Sauf que Maria est dépressive, de ces déprimes qui saisissent les adolescents sans que les causes en soient clairement identifiées, et qui laissent l’entourage perplexe et démuni.
Les premières planches nous la présentent chez sa psy. En réponse à son désespoir, elle lui suggère de mener une vie saine et de faire un peu de sport : « Un esprit sain dans un corps sain ».

Évidemment, le message passe mal pour Maria, qui tente de distraire son angoisse en acceptant des sorties en boîtes. L’étendue de sa détresse et pas mal d’alcool la poussent dans les bras de Petter, un garçon au cœur tendre qui croit avoir trouvé en elle la « femme de sa vie ».

Maria peine à se rendre à ses cours, à se présenter dans la boutique où elle travaille. L’énergie lui fait défaut pour rejoindre un petit groupe d’études. La vaisselle sale s’entasse dans son évier, le quotidien devient problématique.

Au fil du texte nous sommes entraînés dans la chute de Maria, qui se tend des pièges à elle-même, se retrouve dans des situations dégradantes, attente à sa santé, abîme sa réputation.
Dans cette descente aux enfers, son amie se trouve à ses côtés, constante et attentive, qui l’accompagne comme elle le peut, la conseille, la soutient.

Maria est touchante dans son abandon, sa difficulté à saisir ce qui lui arrive, ses tentatives de faire ce qu’il faut, en tombant à côté. L’amie, malgré ses maladresses, reste un repère fiable et de bonne volonté.
Ce pourrait être une triste histoire, si la dépression ne finissait par illustrer aussi une belle histoire d’amitié. De celles entières et généreuses qui, à cet âge, semblent indéfectibles.

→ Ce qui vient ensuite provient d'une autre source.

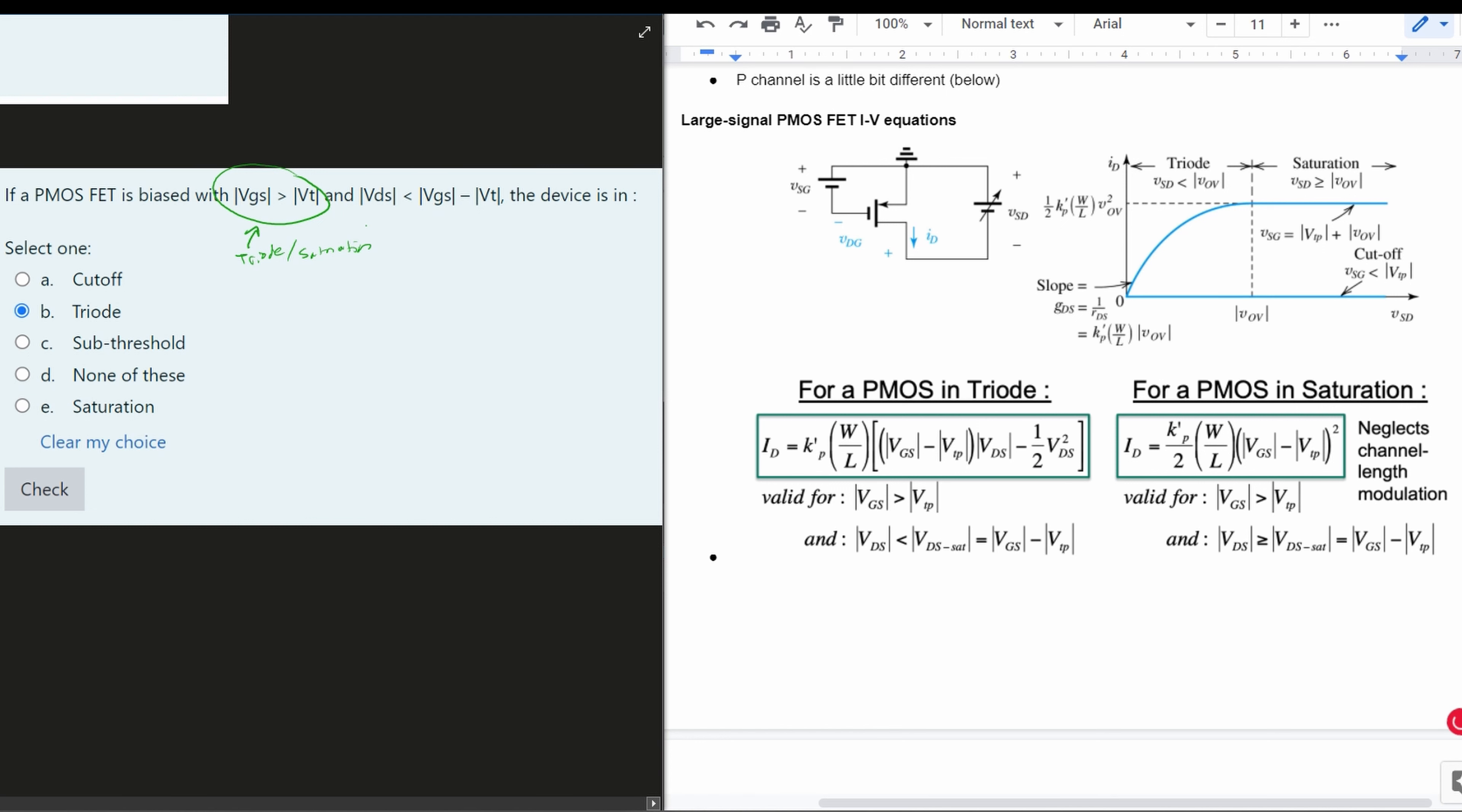Now we're going to use the next part to find which it exactly is. So looking at this next part, we have our VDS, and it's less than our VGS minus VT.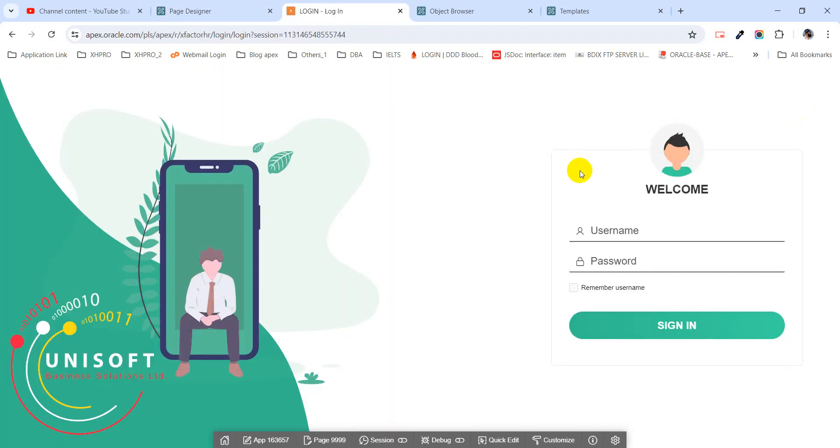After completing the CSS code, save and run — this is the beautiful login page. Thank you.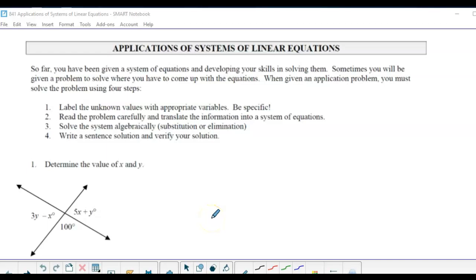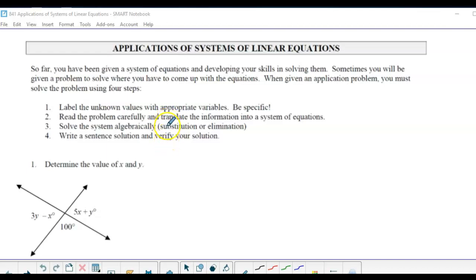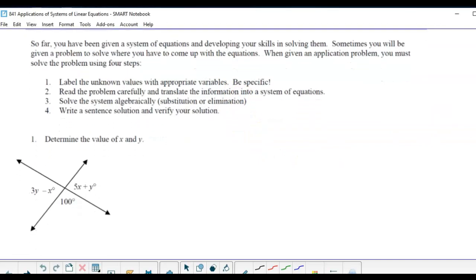Today we're looking at applications of systems of linear equations. Some problems we have to figure out will end up with two equations and two unknowns that we'll need to solve. Here are some steps to help: write let statements to define the unknowns, read the problem carefully, translate into a system of equations, solve the system algebraically, and write a sentence solution to verify.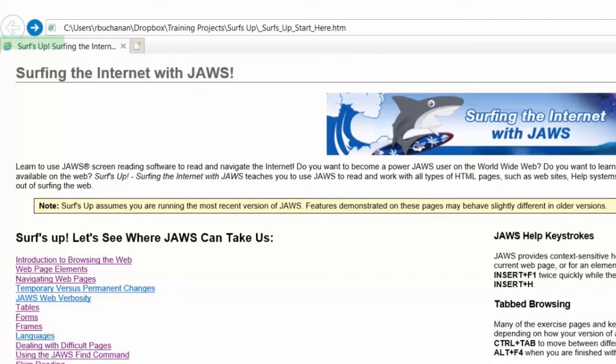We've recently revised and updated the Surf's Up training pages. While you're free to use the browser of your choice, most of our lessons will refer to Google Chrome. Right here on the Surf's Up landing page you'll find links to download and install both Google Chrome and Mozilla Firefox.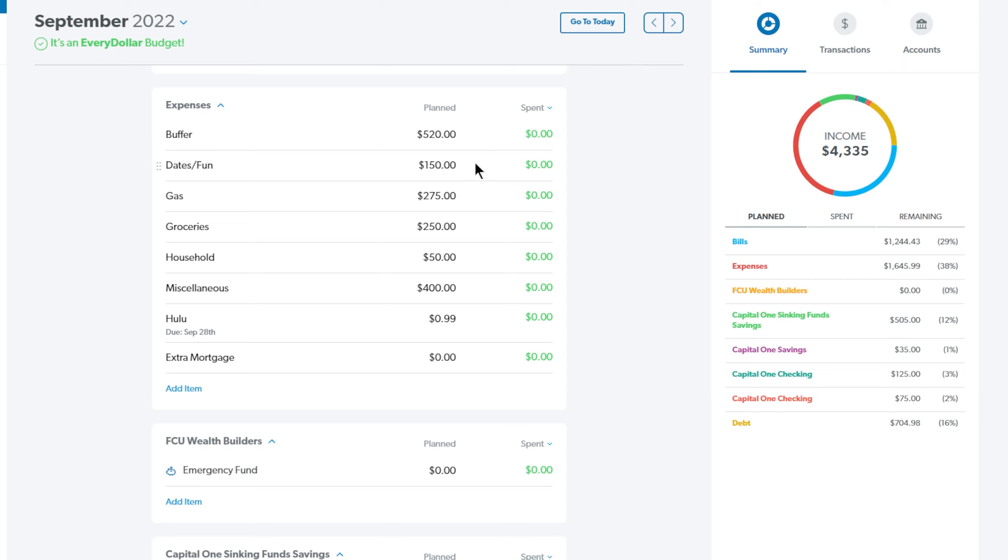This is anything, any eating out we do, anything we do as a family for fun. So we have that set at $150 for this month. Next up is gas and we have that set at $275. Next up we have groceries and that is at $250.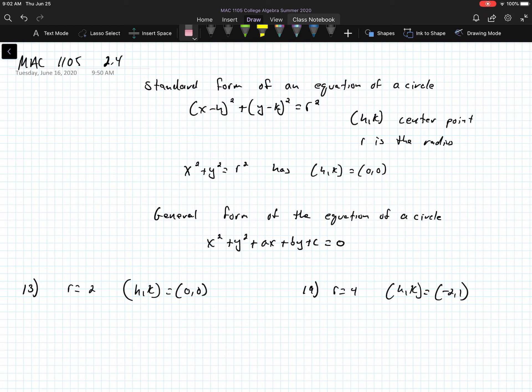This is the video for section 2.4 for college algebra MAC 1105. In this section we're going to be talking about circles. The first equation is the standard form of an equation of a circle: x minus h squared plus y minus k squared is equal to r squared. Here, (h, k) is the center point of the circle and r is the radius. A circle is a set of points that are equidistant from (h, k), the center.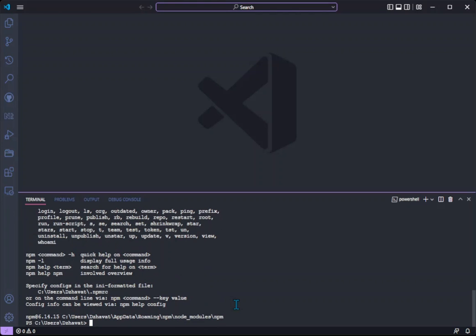But there is more. By default the runRecentCommand command doesn't have a key binding, so we can assign one ourselves. This way it will be easier to just quickly pop up the list of commands, find the one you need, and run it.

À travers le récit de la dépression de Maria, c’est tout un pan de la vie adolescente qui se dévoile, avec ses excès, ses sentiments exacerbés, ses doutes aussi. Le mal-être de l’héroïne, que le lecteur finit par ressentir, nous parle de ces crises de jeunesse où la quête de soi expose à des épreuves pleines de risques.
L’ensemble des planches est sombre, en noir et blanc, parfois avec de larges lavis noirs. Il y a peu de texte, les échanges sont brefs, factuels émaillés d’expressions « jeunes ».
De cette grisaille, ressort le petit visage aux joues pleines, presque enfantin, de Maria, et celui long, pâle et sage de son amie Johanna. Les dessins, très expressifs et variant les plans, rendent bien le réalisme des situations.
Le texte se clôt sur deux photographies de jeunes filles dont on se dit qu’elles doivent avoir à faire avec celles du livre.
Nicole Cortesi-Grou


Anja Dahle Øverbye, née en 1981, vit à̀ Kongsberg. Après des études artistiques à l’Académie de Bergen (Norvège), elle a obtenu un diplôme en communication visuelle à l’UCA (University for the Creative Arts) en Angleterre. Elle a publié en Norvège un premier roman graphique : Sous le signe du grand chien en 2015, puis en Angleterre en 2017, et enfin en France en 2019. Bergen a été publié en 2018 en Norvège.